タアサイ(読み)たあさい

日本大百科全書(ニッポニカ) 「タアサイ」の意味・わかりやすい解説

タアサイ
たあさい / 塌菜
[学] Brassica rapa L. var. narinosa (L.H.Bailey) Kitam.
Brassica campestris L. var. narinosa (Bailey) Olsson

アブラナ科(APG分類:アブラナ科)の中国野菜の一種で、ツケナの類。中国読みはターツァイ。「塌」はぺしゃんことか、つぶれたという意味で、冬場は全体が扁平(へんぺい)に育つ特色から名づけられた。冬季は葉を放射状に密生展開するが、高温期には葉が立ち上がり、姿が変わる。ロゼット葉は直径20~30センチメートルで、重さ200~600グラムになる。日本では200グラムほどで出荷される。葉は杓子(しゃくし)形で、光沢があり、全縁。葉身は円形から卵円形で、しわが寄り、濃い緑色から暗緑色葉柄は幅8~20ミリメートルで白緑色。花茎は高さ30~40センチメートル、花は長さ2~4ミリメートルで淡黄色。莢(さや)は円柱形で長さ4~8センチメートル。
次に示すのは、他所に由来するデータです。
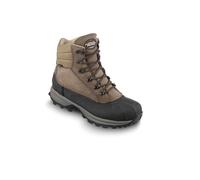 Meindl Lillehammer Lady GTX(Natur), 43 EU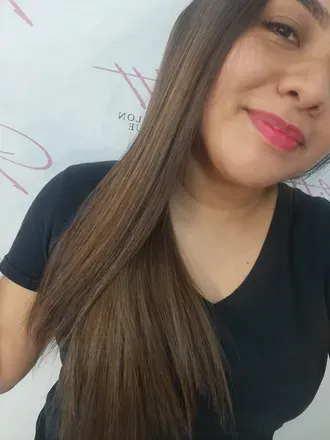 OnlyFans account  carla_jimenezz avatar 1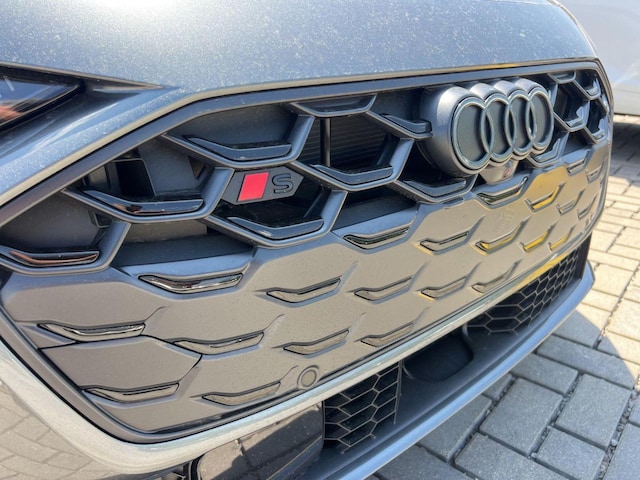 2026 Audi S5 Premium Plus - Photo 8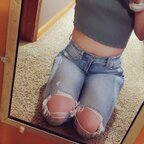 Onlyfans free content lolliebee 

 profile picture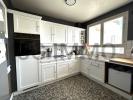 Acheter Appartement Chatellerault 69900 euros
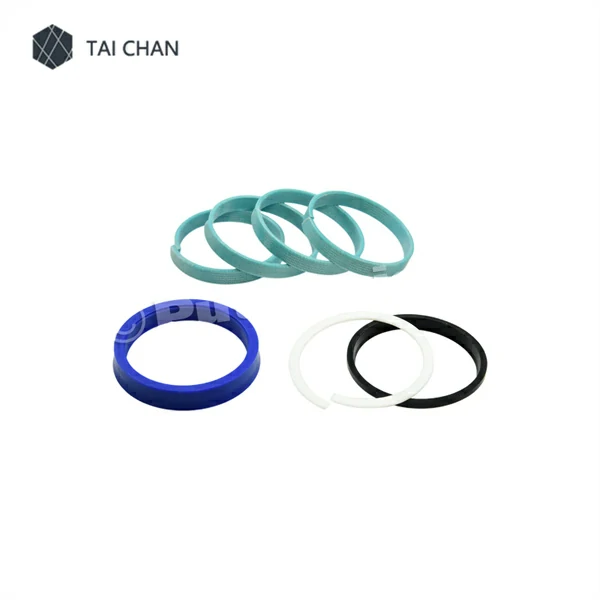 084239004 Hydraulic Cylinder Seal Kit for Putzmeister Concrete Pump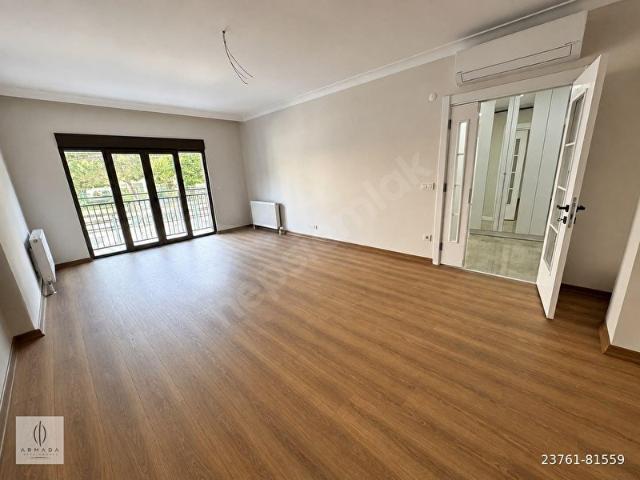 ERENKÖYDE BAĞDAT CADDESİ VE MARMAYA YAKIN ARMADA'DAN SIFIR DAİRE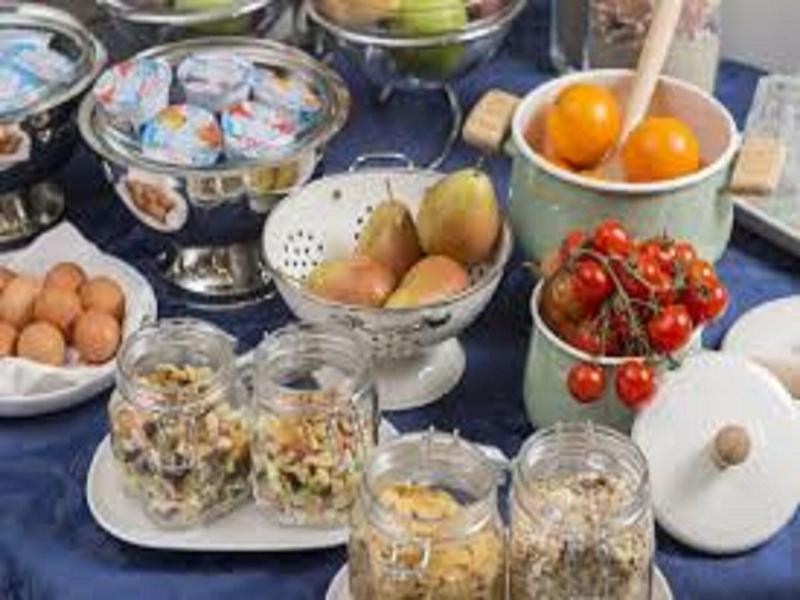 Hotel Meditur Bologna Ozzano dell'Emilia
中国の主要品種には小八葉(シャオパーイエ)(株径約20センチメートル)、中八葉(チョンパーイエ)(株径約25センチメートル)、大八葉(ターパーイエ)(株径約30センチメートル)、烏塌菜(ウーターツァイ)(暗緑色)、黒葉油塌菜(ヘイイエユーターツァイ)などがある。70~80日で収穫でき、周年栽培が可能である。中国では南京(ナンキン)から上海(シャンハイ)一帯で栽培が盛んであり、冬季の重要な野菜の一つになっている。ごわごわした感じだが、見かけによらず柔らかく、油炒(いた)めに向く。日本のキサラギナはタアサイ系で、ビタミンナは大阪シロナと本系の雑種である。

 成分的にはビタミンA、Cや鉄分が多い。中国での分析では100グラム中ビタミンAが2.6ミリグラム、B1が0.67ミリグラム、B2が1ミリグラム、Cが48ミリグラム、鉄分が3.7ミリグラムである。